Reputation: 1304
I'm trying to get the distinct values of a single column of a DataFrame
(called: df
) into an Array that matches the data type of the column. This is what I've tried, but it does not work:
def distinctValues[T: ClassTag](column: String): Array[T] = {
df.select(df(column)).distinct.map {
case Row(s: T) => s
}.collect
}
The method is inside an implicit class, so calling df.distinctValues("some_col")
gives me:
scala.MatchError: [ABCD] (of class org.apache.spark.sql.catalyst.expressions.GenericRowWithSchema)

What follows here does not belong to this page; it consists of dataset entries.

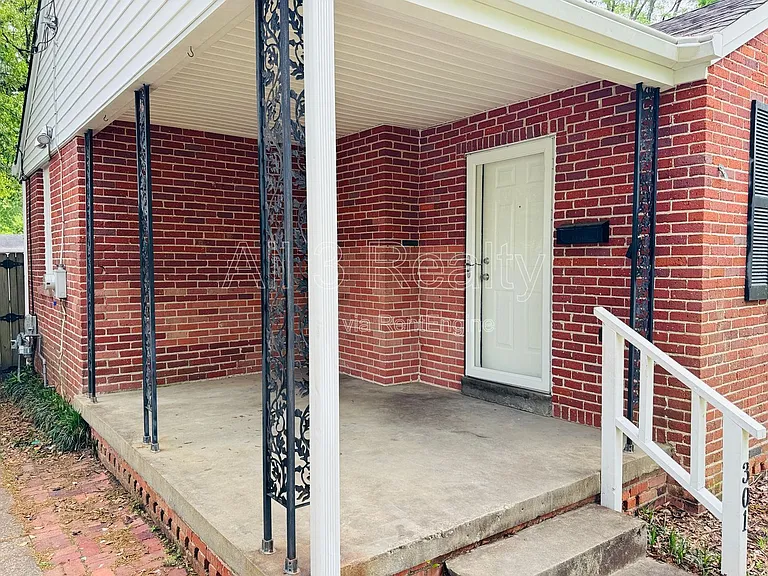 301 Bradley Dr — Photo 4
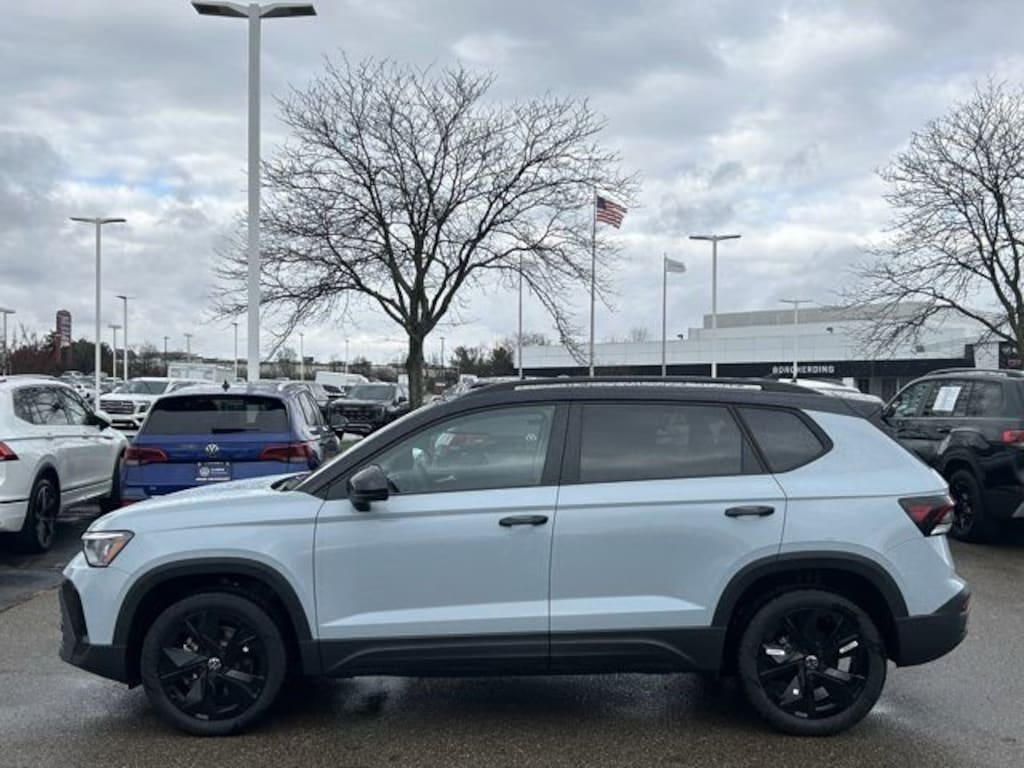 New 2026 Volkswagen Taos SE Black SUV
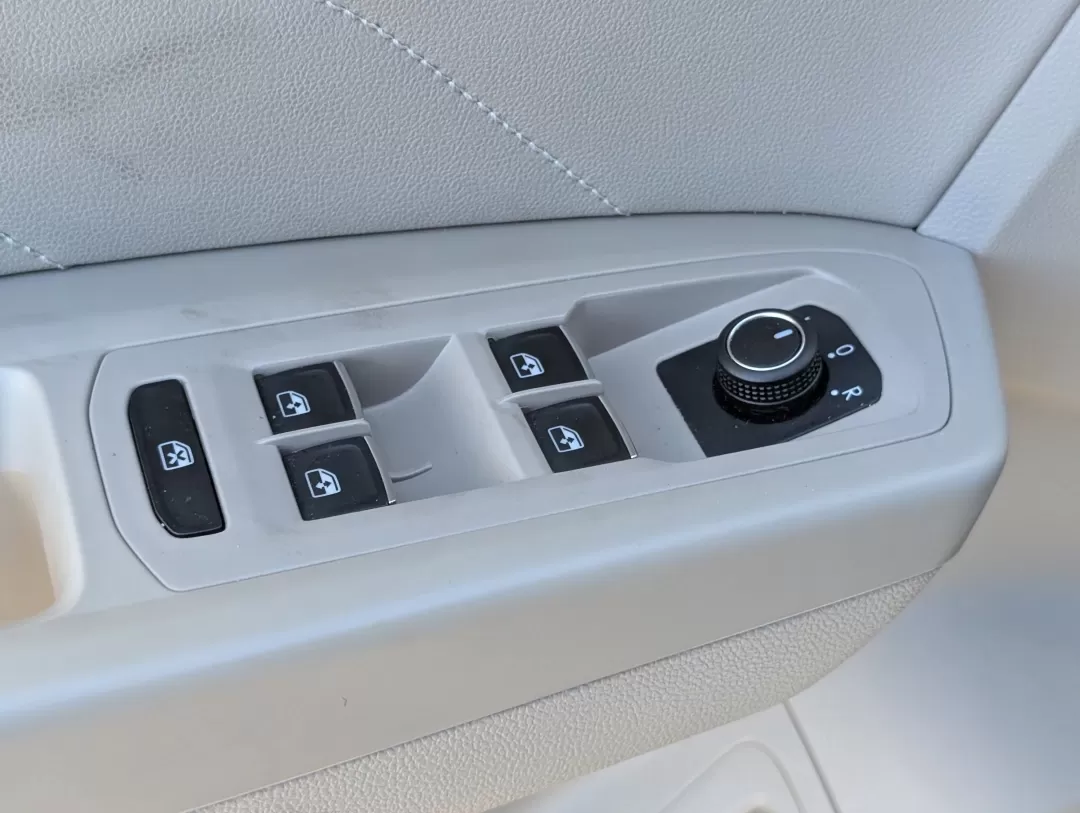 2021 /Shetland Beige Volkswagen Atlas 2.0T SE (1V2DP2CA2MC) with an Other engine, located at 3959 U.S. 80 W, Phenix City, AL, 36870, (334) 297-4885, 32.469296, -85.135185 - 2021 Volkswagen Atlas 2.0T SE - Photo#9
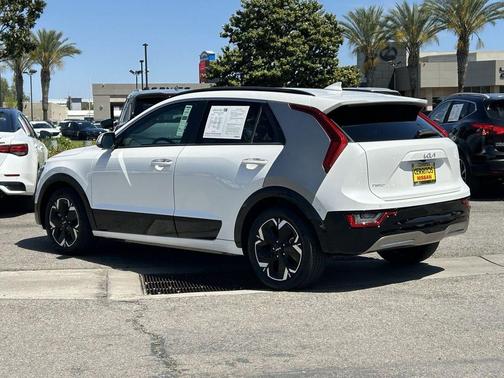 Snow White Pearl 2023 Kia Niro EV Wave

Is there an elegant way to achieve what I want that is also type safe?
I'm on Spark 1.4.1.
Upvotes: 4
Views: 4647
Reputation: 4471
The problem is that you're using pattern matching instead of the getAs
method:
implicit final class DataFrameOps(val df: DataFrame) {
def distinctValues[T: ClassTag](column: String): Array[T] = {
df.select(column).distinct().map(_.getAs[T](column)).collect()
}
}
Usage:
val ageArray: Array[Int] = df.distinctValues("age")
or
val ageArray = df.distinctValues[Int]("age")
Upvotes: 5
Reputation: 2967
Since 1.4.0, Spark has dropDuplicates
method that implements distinct by sequence of columns (or by all columns, if none is specified):
//drop duplicates considering specified columns
val distinctDf = df.select($"column").dropDuplicates(Seq("column"))
//this should work too since df has one column after select
val distinctDf = df.select($"column").dropDuplicates()
//collect
def getValues[T](df: DataFrame, columnName: String) = {
df.map(_.getAs[T](columnName)).collect()
}
getValues[String](distinctDf, "column")
Upvotes: 1